Episode 1: Rediscovering the tradition (17 min.)
“Centering prayer is not something new,” Keating tells interviewer Tom Fox. “It is simply an effort to update the apophatic contemplative tradition coming down from Gregory of Nyssa and The Cloud [of Unknowing] and the Carmelites, John of the Cross and Teresa of Avila.” Keating set about rediscovering this tradition for what he calls “the grass-roots part of the church, the parishes and the schools.”
Episode 2: Consenting to the invitation to transformation (16 min.)
Centering prayer is a gift of grace, Keating says. “But to sit there waiting for it to drop from heaven is not the right approach to awaken something that is already an innate power of grace.” Thus the need for practice and discipline. Read Matthew 6:6. Keating also talks about conversations he has had with philosopher Ken Wilbur.
Episode 3: Encountering silence (19 min.)
Silence is so much an aspect of the spirituality of the old and New Testament. Everything comes out of silence and returns to it. So it should be a part of education,” Fr. Keating said. “It is through the practice of silence that we begin to become vulnerable to the true self and the supernatural organism we receive with grace and baptism. … We think that even preschoolers should be introduced to silence,” Fr. Keating tells Tom Fox. He also discusses original sin.

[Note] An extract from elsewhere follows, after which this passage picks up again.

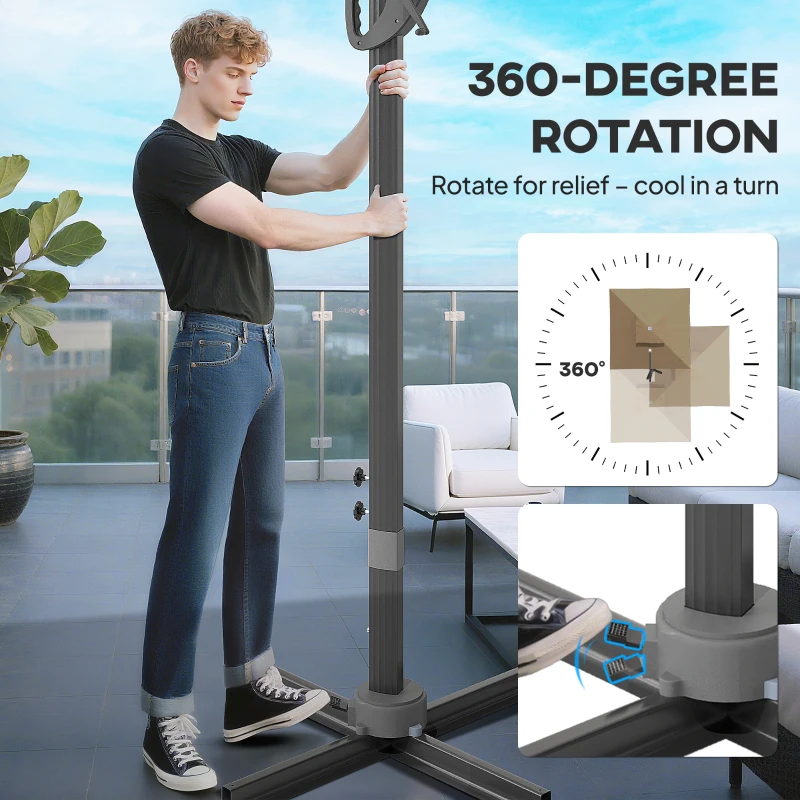 Outsunny Multi-Angle LED Light Parasol Umbrella - Khaki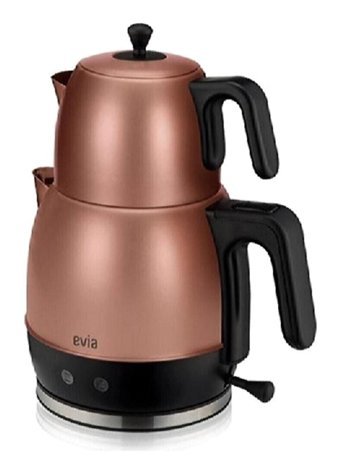 Evia EA 4309G Ladem Çelik Demlikli 1800 W Işıklı Çelik Gövdeli Gold Retro Çay Makinesi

Episode 4: The need for renewal (19 min.)
Forty years of studying contemplation has led Fr. Keating to this conclusion: “All of Christianity and especially the institutional aspects and structures of it need to be regularly renewed to ensure they are transparent of the original intention of the Gospel,” which he says is “the way of transformed life. He talks about recovering a contemplative dimension for our society that will give us the courage to face pressing social needs as well as the ordinary human problems of our private lives. Fr. Keating also describes a “contemplative Mass.”